I think I was first alerted to Mediapipe possibilities based on demos posted by eieio and Grant Kot.
Solitaire win state
Winning solitaire
For a long time I've been looking for an excuse to do something with the "solitaire win state" effect where a card is drawn on top of itself slightly offset. This is the default state of drawing to a canvas if you don't clear it, and I'm always interested in using default states in interesting ways.
I tried this out with drawing the face and was pleased to see if you draw only the face segment on top of each other it looks like a worm.
Performance
The Mediapipe models run fast on the GPU. Segmentation was fine at 60 fps on a Macbook Pro. It struggled more on my Intel LG Gram. For segmentation, the results come back as pixel arrays, with a different value for each category. (There's also confidence masks which would maybe let me have smoother edges, but I didn't dip into them for this project.) The [ default example ] shows looping through the pixel array to draw depending on your category and then you composite the video on top. It's pretty fast but I wondered if WebGL could be faster.
WebGL worked! Pretty much completely thanks to this issue comment and accompanying codepen from user. The codepen needed import syntax change, and then to be modified for what I was using, but it had the foundations of the WebGL approach laid out. I didn't rigorously record performance stats, but I think on my Gram it went from ~50ms to under 16ms with the switch to WebGL. It will still make my fan go, and later I added an FPS throttle to help with that. (Plus with this drawing effect a lower FPS is often kind of interesting.)
I fiddled with the compositing to get fewer draw calls - I'm still a little confused about why the blend mode combo results in what it does here, but it works.
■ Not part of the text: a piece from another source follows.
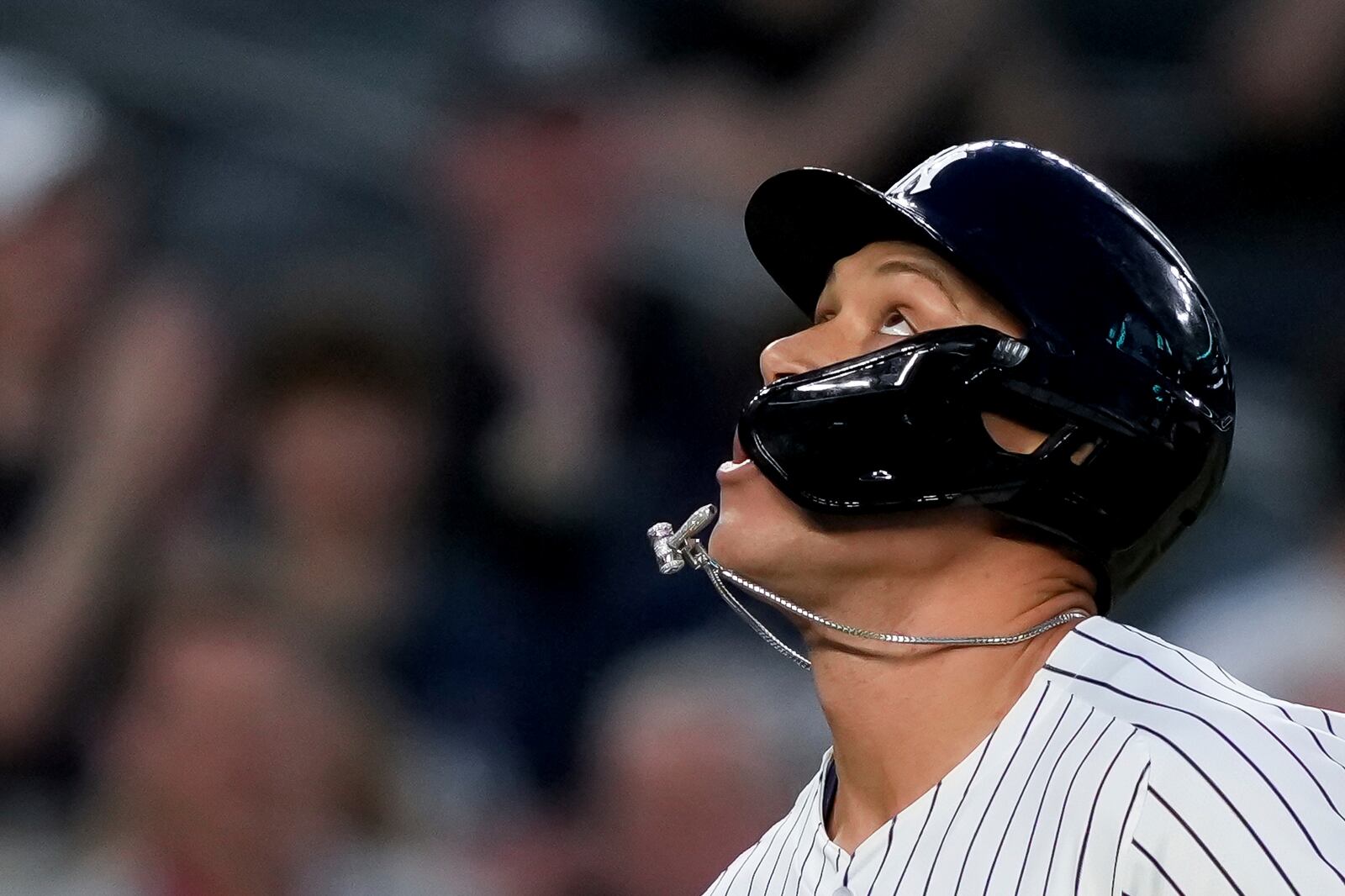 New York Yankees' Aaron Judge runs to home plate after homering on a fly ball to right center field, his 500th extra base hit, during the first inning of a baseball game against the Arizona Diamondbacks, Thursday, April 3, 2025, in New York. (AP Photo/Julia Demaree Nikhinson)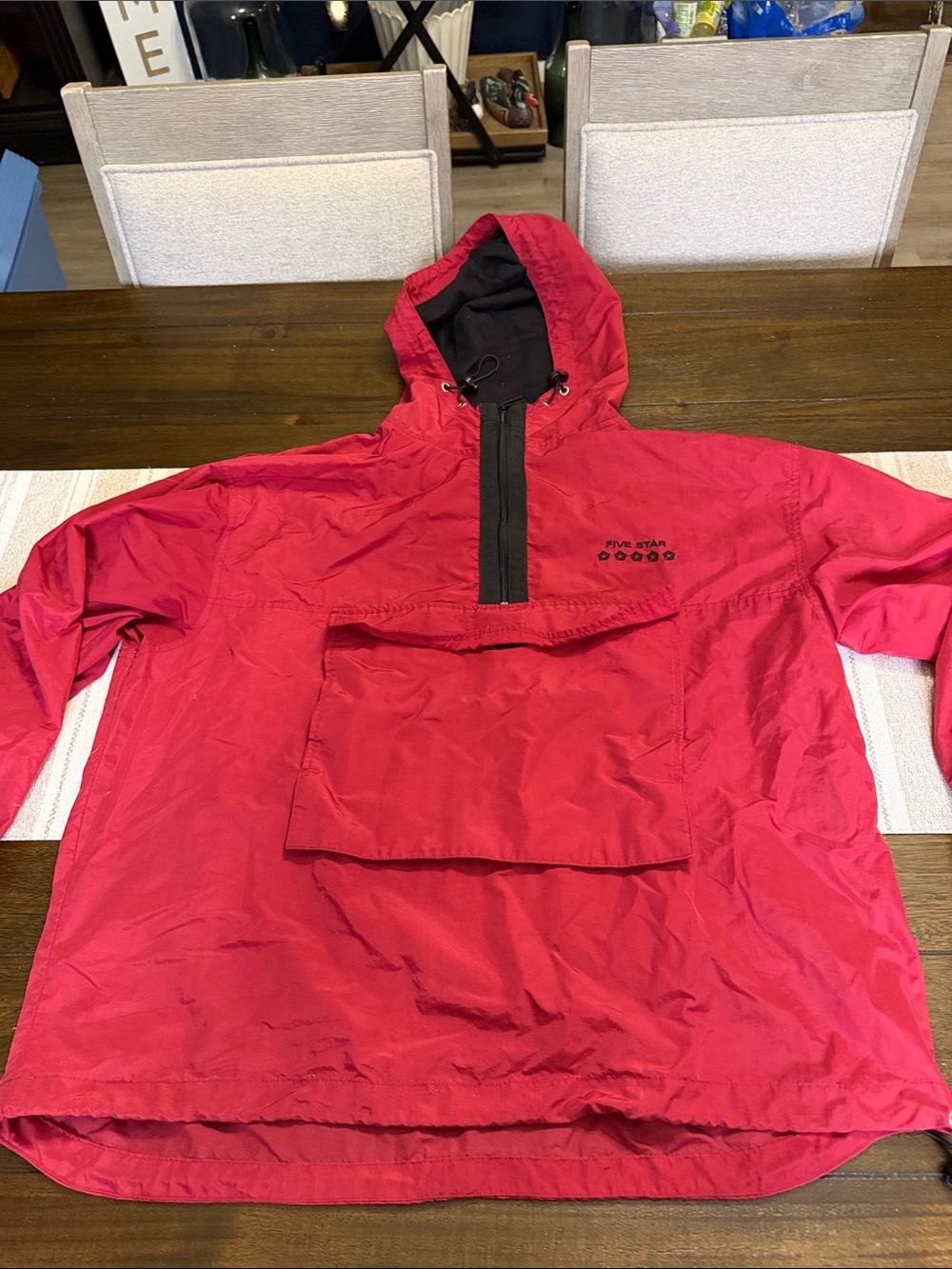 Vintage Five Star Red Hooded Pullover Rain windbreaker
Once I got the WebGL setup things were pretty smooth. I had to adjust to a fuzzy category val match for phones - an issue with float precision probably?
WebGL handles masking out the video using the segmentation. The result is drawn to a conventional 2D canvas. This doesn't seem to eat up too much performance and it makes things like saving a copy or backing it up to local storage simple.
AI Considerations
I've been unsure about how to work AI into the Constraint Systems stuff. I think these capabilities should be explored, but I didn't want to have people pasting in their API keys. With Mediapipe everything runs on the user's device, and this experiment should continue to work as long as browsers do.
I also kind of like the shape of these small models, they have a targeted capability and then it's up to you to think of how it can be applied - that's the general shape of experimentation I like to do.
In some ways this is a companion to some of the other image manipulation apps I've done, like Res, which explored pixelation based on compression size. Here we have an algorithm that instead pattern matches on faces. We explore and get a feel from the capability by experimenting with it. Face tracking can of course be put to creepy/bad uses. I think by keeping data here local I can use this as a demonstration/education, but it's rocky terrain all around. Please don't point it at anybody without their consent. It is interesting that even though taking a full video of people around you contains the same information (actually more), capturing just the faces feels creepier.
Long form collage
One thing I like about the 'draw on top of what's there' rendering approach is that it can build up and accumulate over time. I'm interested in setting up a long running version of this with a dedicated screen, that could potentially build up over months. Because the web app saves and restores from local storage you also get some of this effect from opening on the same device over time.